Swift Parameters and Return Values Explained with Examples

Swift functions become much more useful when they can accept input and send results back. This article explains how parameters and return values work in Swift, how argument labels affect function calls, when to use default values or inout, and how to avoid the most common mistakes beginners make.

Quick answer: In Swift, parameters let a function receive values from the caller, and return values let the function send a result back. You define parameter names and types inside the function declaration, then optionally declare a return type after ->.

Difficulty: Beginner

Helpful to know first: basic Swift syntax, variables and constants, and simple types like String, Int, and Bool.

1. What Is Parameters & Return Values?

A Swift function can take input values and produce an output value. The input values are called parameters, and the output value is called the return value.

For example, a function that adds two numbers needs two parameters. A function that checks whether a number is even might return a Bool. A function that prints a greeting may not return anything at all.

In Swift, this topic is often confused with argument labels and parameter names. They are closely related but not identical. A parameter name is used inside the function body, while an argument label is used when calling the function. You will see that distinction throughout this article.

2. Why Parameters & Return Values Matters

Without parameters, functions would be limited to hard-coded values. Without return values, functions could do work but would have no clean way to hand back a result.

Parameters and return values matter because they help you write code that is:

You should use parameters whenever a function needs information from outside. You should use return values whenever the caller needs a result back. If a function only performs a side effect, such as printing to the console, a return value may not be needed.

3. Basic Syntax or Core Idea

Declaring a function with parameters

This example shows the basic structure of a function that receives two values.

func add(a: Int, b: Int) {
    print(a + b)
}

Here, a and b are parameters.
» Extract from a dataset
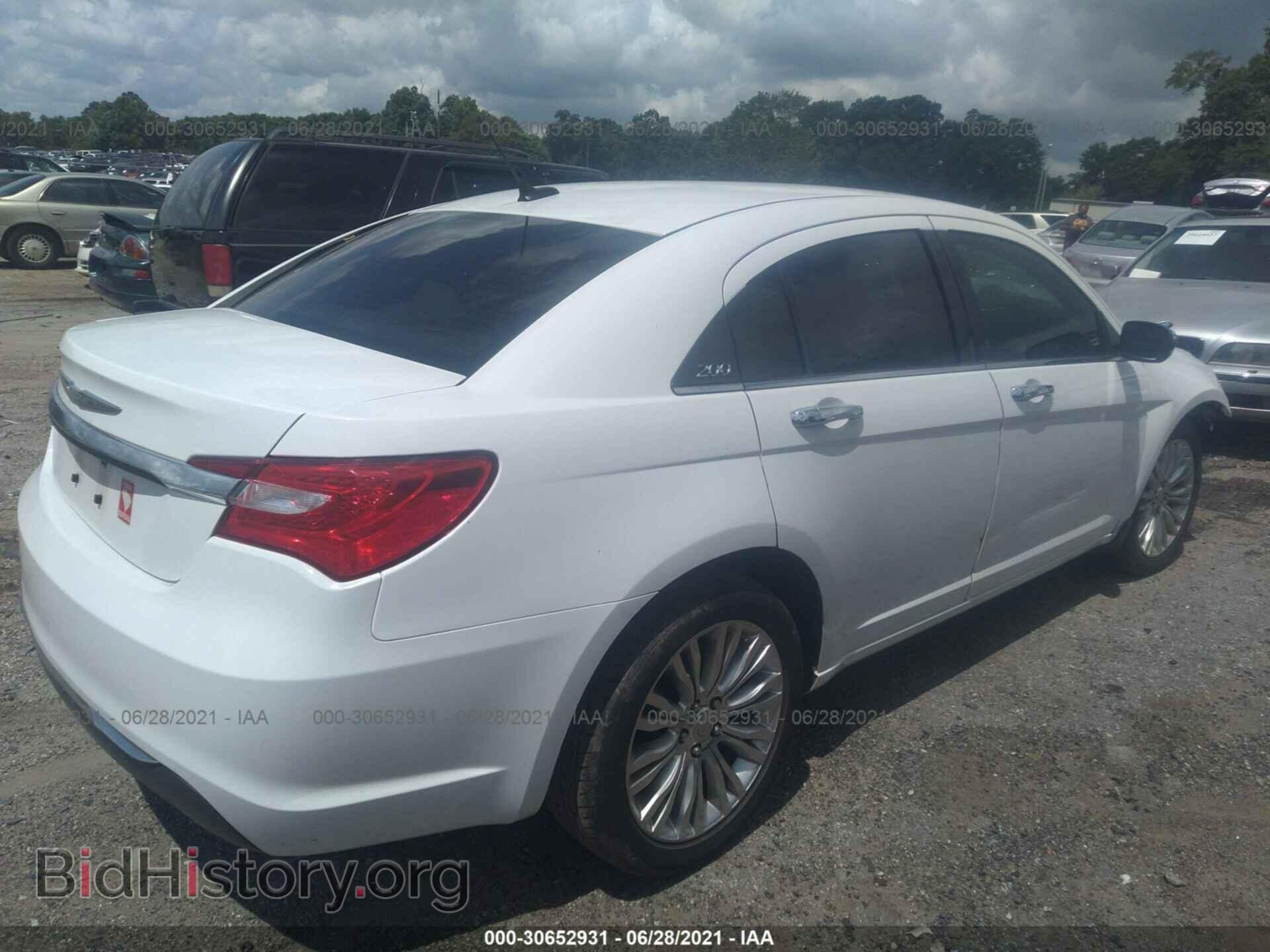 2012 CHRYSLER 200 - VIN: 1C3CCBCB4CN108047 - Фото 4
Both are of type Int. This function does not return a value; it only prints one.

Declaring a function with a return value

To return a result, add -> followed by the return type.
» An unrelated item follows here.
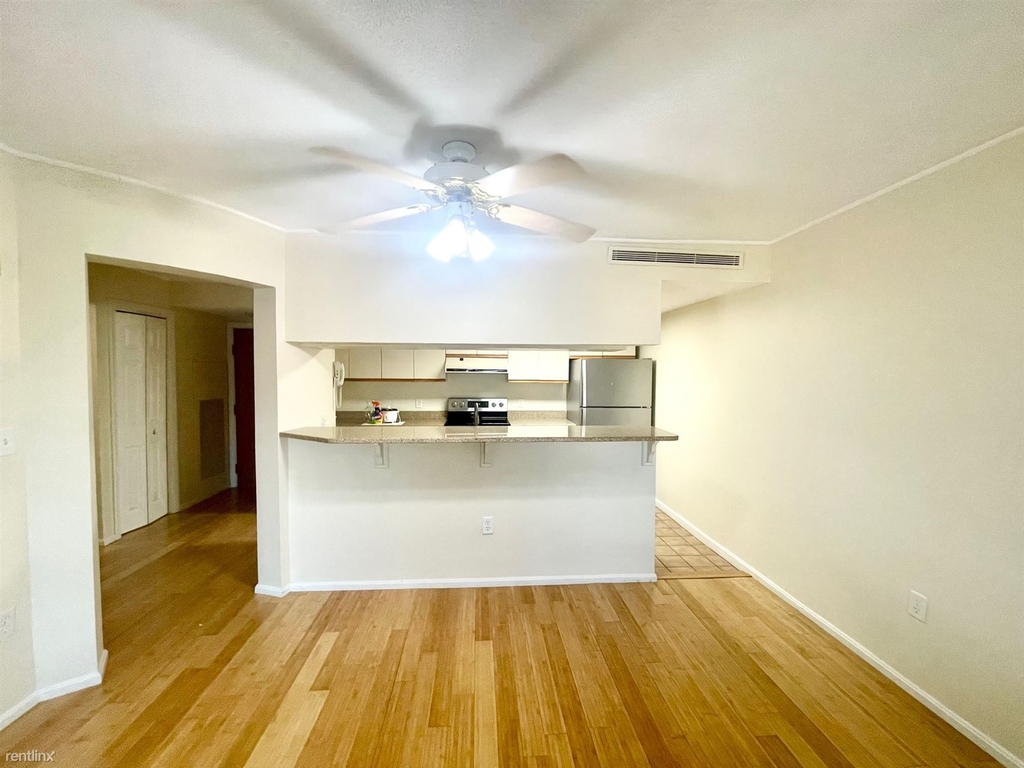 165 Cottage St Apt 608 - Photo 2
func add(a: Int, b: Int) -> Int {
    return a + b
}

This function returns an Int instead of printing directly. That makes the function more flexible because the caller can store, print, or further process the result.

Calling the function

When you call the function, you pass arguments that match the parameters.

let total = add(a: 4, b: 6)
print(total)

The values 4 and 6 are arguments. They are passed into the parameters a and b.

4. Step-by-Step Examples

Example 1: A function with one parameter and no return value

This is the simplest useful pattern: give the function one input and let it perform an action.

func greet(name: String) {
    print("Hello, \(name)!")
}

greet(name: "Mina")

The function receives a String and uses it in the greeting. Because it does not return anything, its purpose is just the side effect of printing.

Example 2: A function with one parameter and one return value

Here the function computes something and returns the result.

func square(number: Int) -> Int {
    return number * number
}

let result = square(number: 5)
print(result)

The caller decides what to do with the returned value. That is usually better than printing inside the function.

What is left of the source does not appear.